## WORK REQUEST
Copy out the listing in full, exactly as written, but not its pictures.

>>>

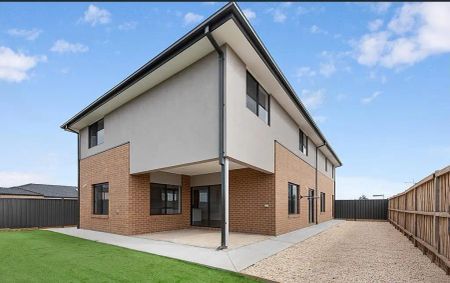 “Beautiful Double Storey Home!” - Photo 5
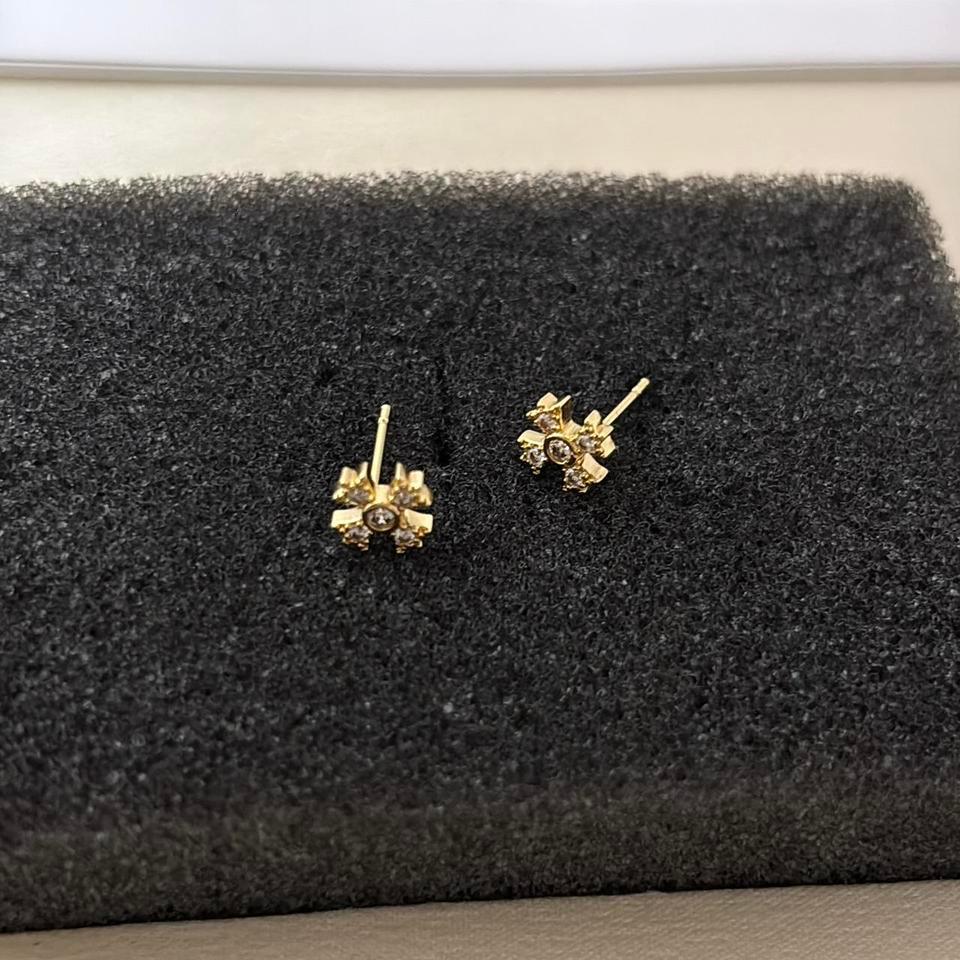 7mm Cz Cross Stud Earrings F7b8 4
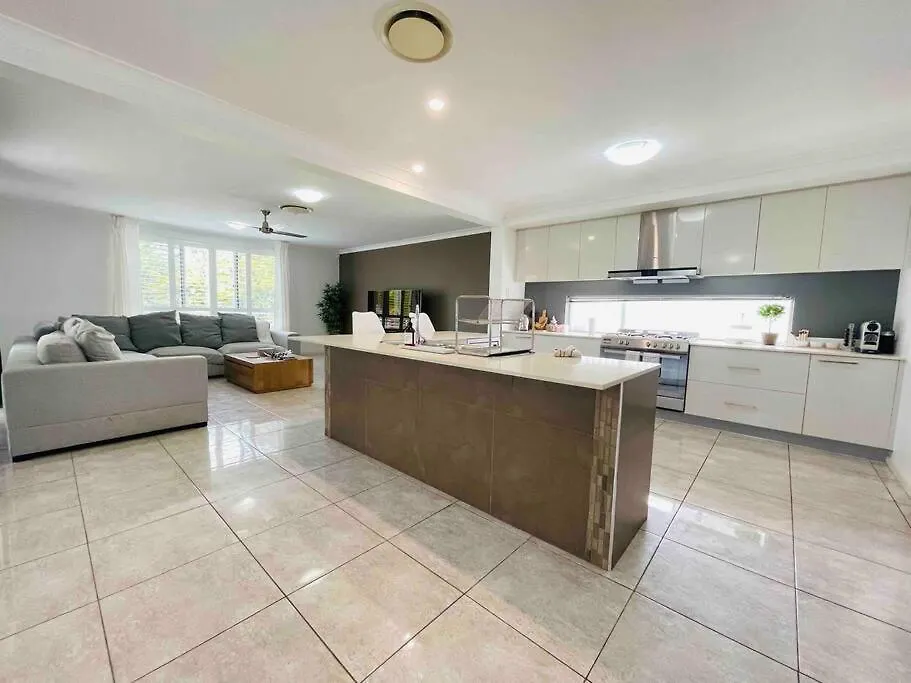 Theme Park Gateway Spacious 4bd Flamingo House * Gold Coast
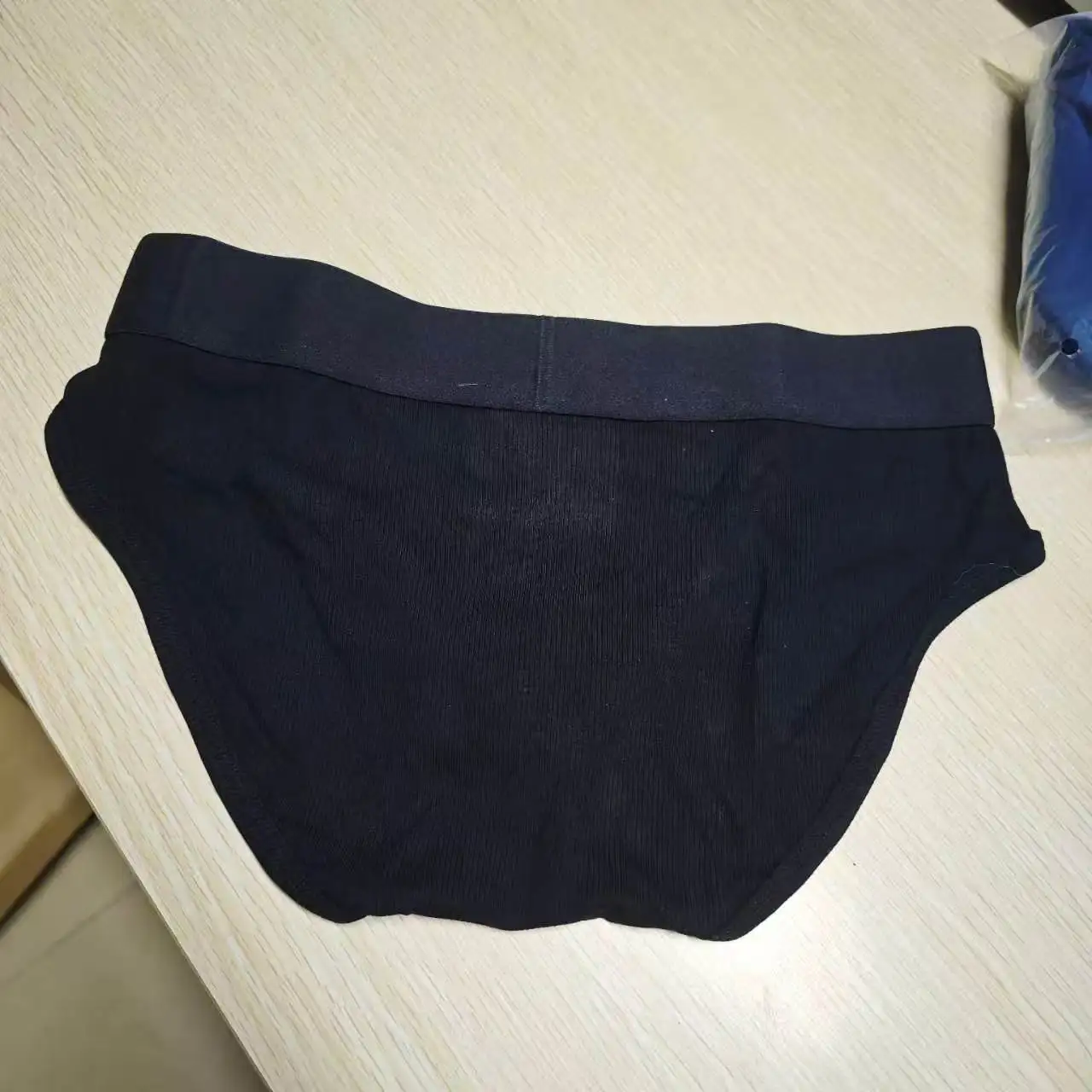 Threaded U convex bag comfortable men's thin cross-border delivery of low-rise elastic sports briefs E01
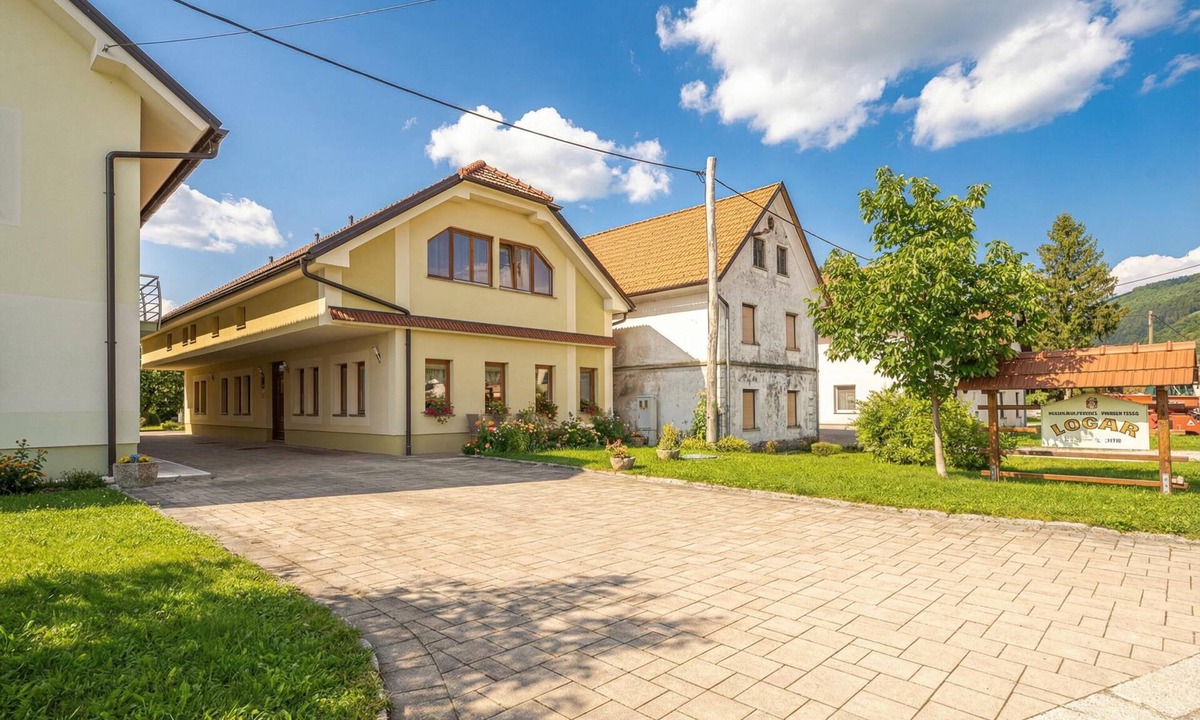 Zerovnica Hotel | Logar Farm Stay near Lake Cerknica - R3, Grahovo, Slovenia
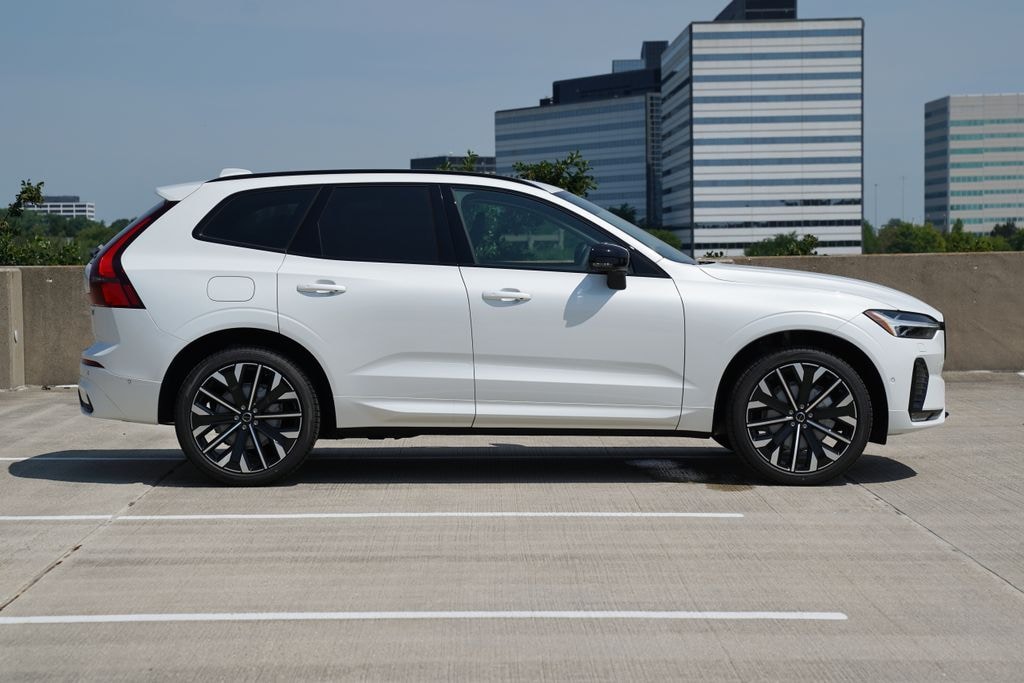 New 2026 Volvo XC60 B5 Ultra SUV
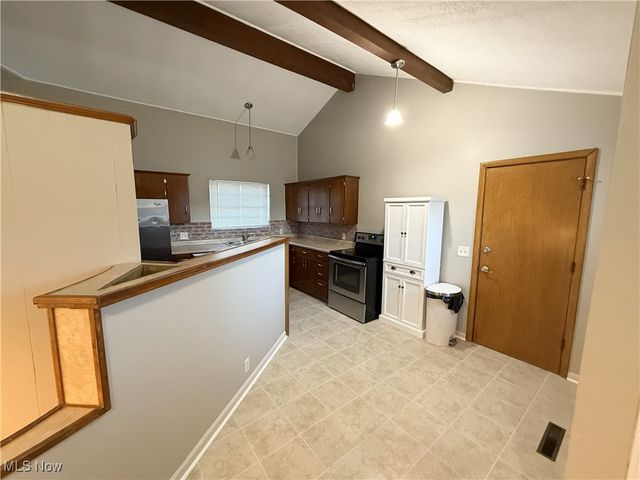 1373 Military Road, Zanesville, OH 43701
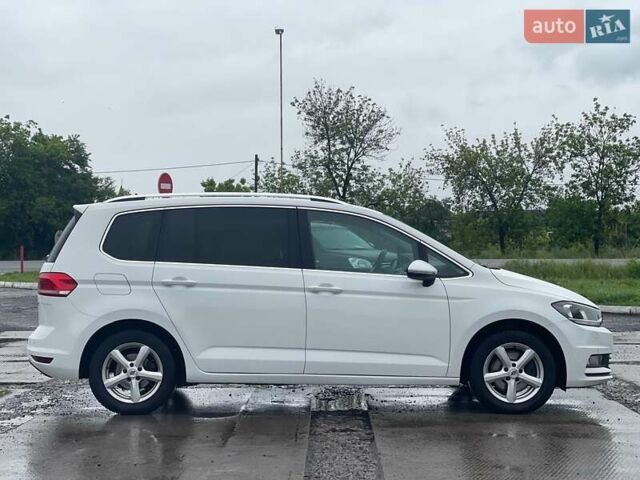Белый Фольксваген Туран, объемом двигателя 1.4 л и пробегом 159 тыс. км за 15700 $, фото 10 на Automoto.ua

<<<

## RESULT FOR THIS TASK
 “Beautiful Double Storey Home!” - Photo 5
 7mm Cz Cross Stud Earrings F7b8 4
 Theme Park Gateway Spacious 4bd Flamingo House * Gold Coast
 Threaded U convex bag comfortable men's thin cross-border delivery of low-rise elastic sports briefs E01
 Zerovnica Hotel | Logar Farm Stay near Lake Cerknica - R3, Grahovo, Slovenia
 New 2026 Volvo XC60 B5 Ultra SUV
 1373 Military Road, Zanesville, OH 43701
Белый Фольксваген Туран, объемом двигателя 1.4 л и пробегом 159 тыс. км за 15700 $, фото 10 на Automoto.ua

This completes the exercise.